AI trained on AI churns out gibberish garbage

Eventually, it collapses—'poisoned with its own projection of reality.’
Historical artistic interpretation of an ouroboros. It is a dragon eating its own tail.
Ouroboros. Credit: API/Gamma-Rapho via Getty Images

Share

Large language models like those offered by OpenAI and Google famously require vast troves of training data to work. The latest versions of these models have already scoured much of the existing internet which has led some to fear there may not be enough new data left to train future iterations. Some prominent voices in the industry, like Meta CEO Mark Zuckerberg have posited a solution to that data dilemma: simply train new AI systems on old AI outputs. 

But new research suggests that cannibalizing of past model outputs would quickly result in strings of babbling AI gibberish and could eventually lead to what’s being called “model collapse.” In one example, researchers fed an AI a benign paragraph about church architecture only to have it rapidly degrade over generations. The final, most “advanced” model simply repeated the phrase “black@tailed jackrabbits” continuously.

A study published in Nature this week put that AI-trained-on-AI scenario to the test. The researchers made their own language model which they initially fed original, human-generated text. They then made nine more generations of models, each trained on the text output generated by the model before it. The end result in the final generation was nonessential surrealist-sounding gibberish that had essentially nothing to do with the original text. Over time and successive generations, the researchers say their model “becomes poisoned with its own projection of reality.” 

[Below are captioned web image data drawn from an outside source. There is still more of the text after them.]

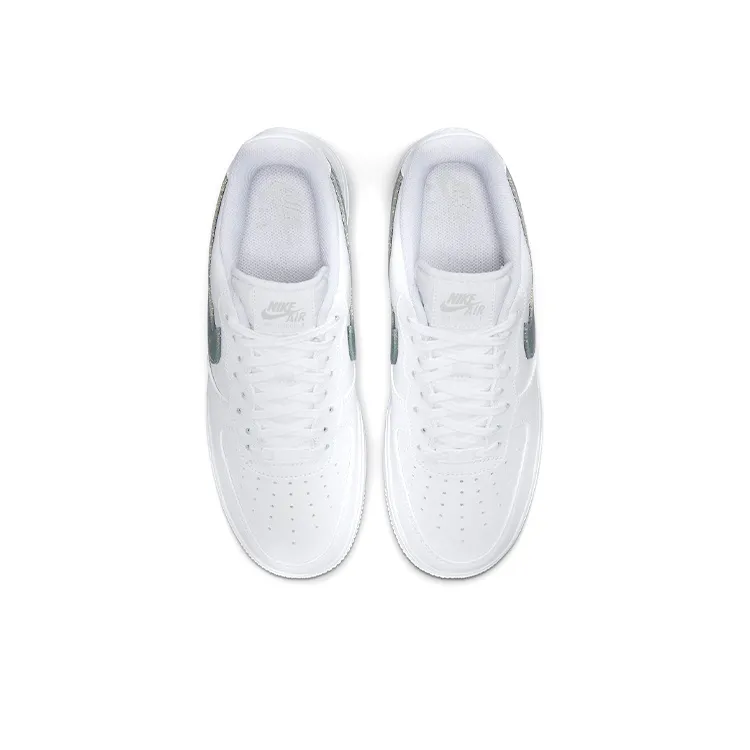 Nike Air Force 1 Low Glitter Swoosh Green Women's-3
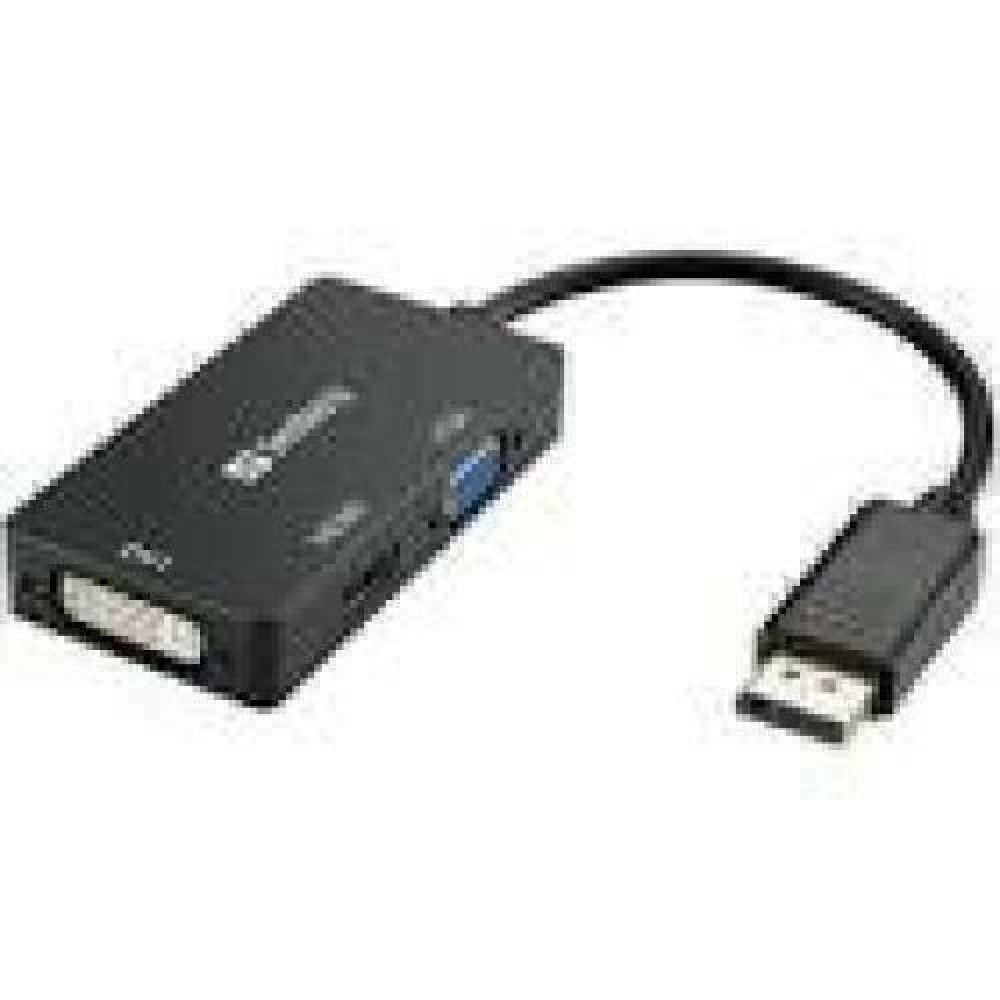 SANDBERG Adapter DP-HDMI+DVI+VGA black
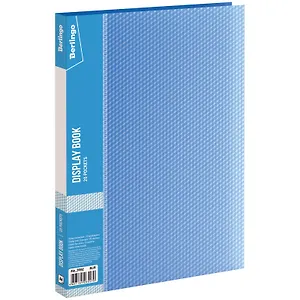 Папка полупрозрачная Berlingo, А4, 20 файлов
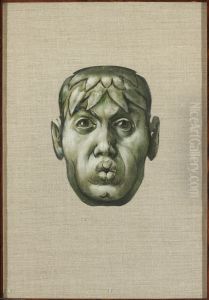 Blowing mask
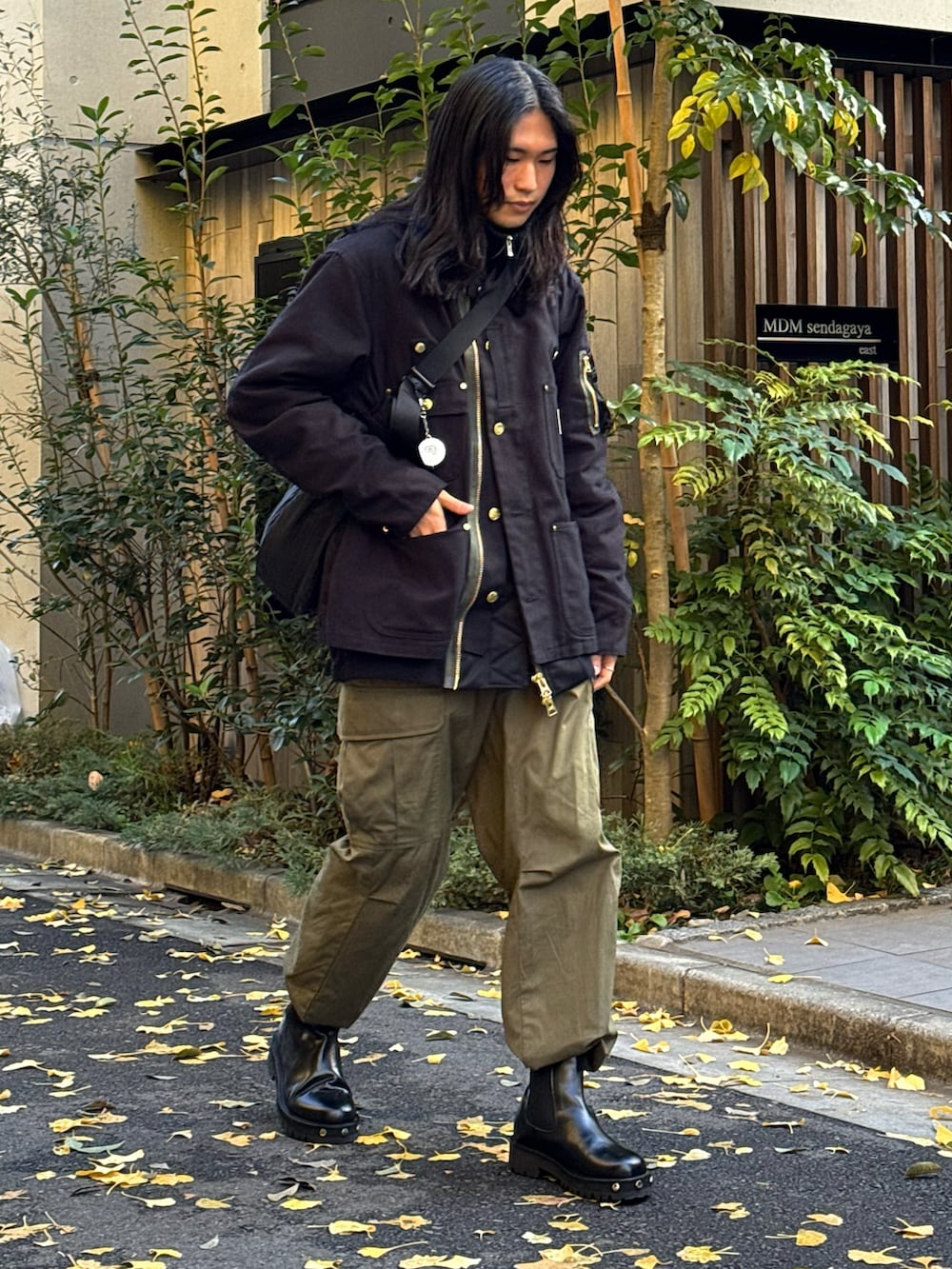 Kazuyuki｜Sacaiのジャケット/アウターを使ったコーディネート - WEAR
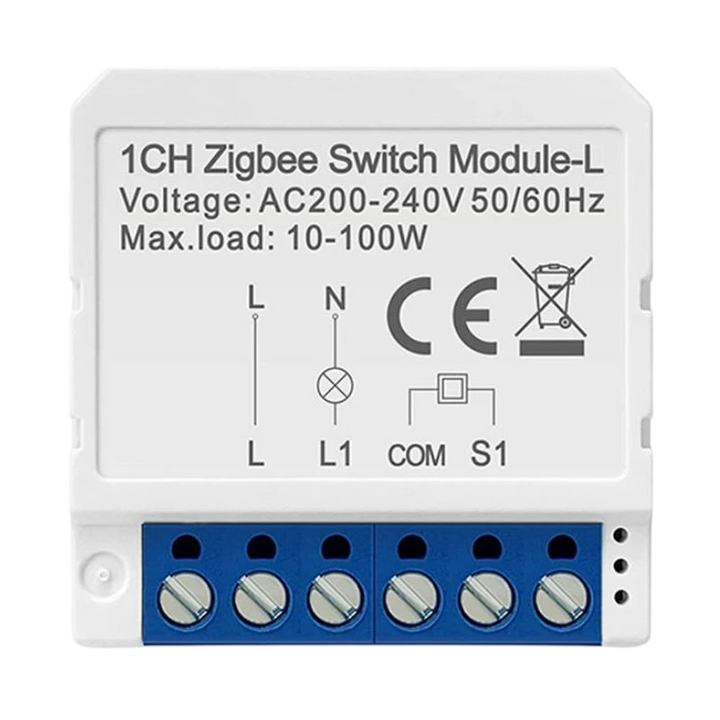 Avatto LZWSM16-W1 Branco - Interruptor inteligente ZigBee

AI models forget meaning the more they trains on themselves 

The researchers refer to this odd case of AI seemingly imploding on itself as “model collapse,” a degenerative process that can present itself in early and late stage forms. On the early side of things, collapse begins to occur when AI models several generations removed from the original training data seemingly forgets outliers, or rarities in the original text. This has the effect of making the most likely outputs more and more common. That would be an issue in the real world, because it could result in a whittling down of minority views or expression. An LLM showing signs of early collapse could present a version of reality that lacks diversity and suffers from an overwhelming sameness.

Things get weirder in the later stages of collapse. In those last generations, the models trained on models are so far removed from the original training data that they begin to forget key aspects of the initial training and lose the plot entirely. It’s at this stage that models begin generating complete meaningless gibberish. When this happens, the researchers say the model’s “indiscriminate” self-cannibalizing of its own previous outputs “causes irreversible defects in the resulting model.” 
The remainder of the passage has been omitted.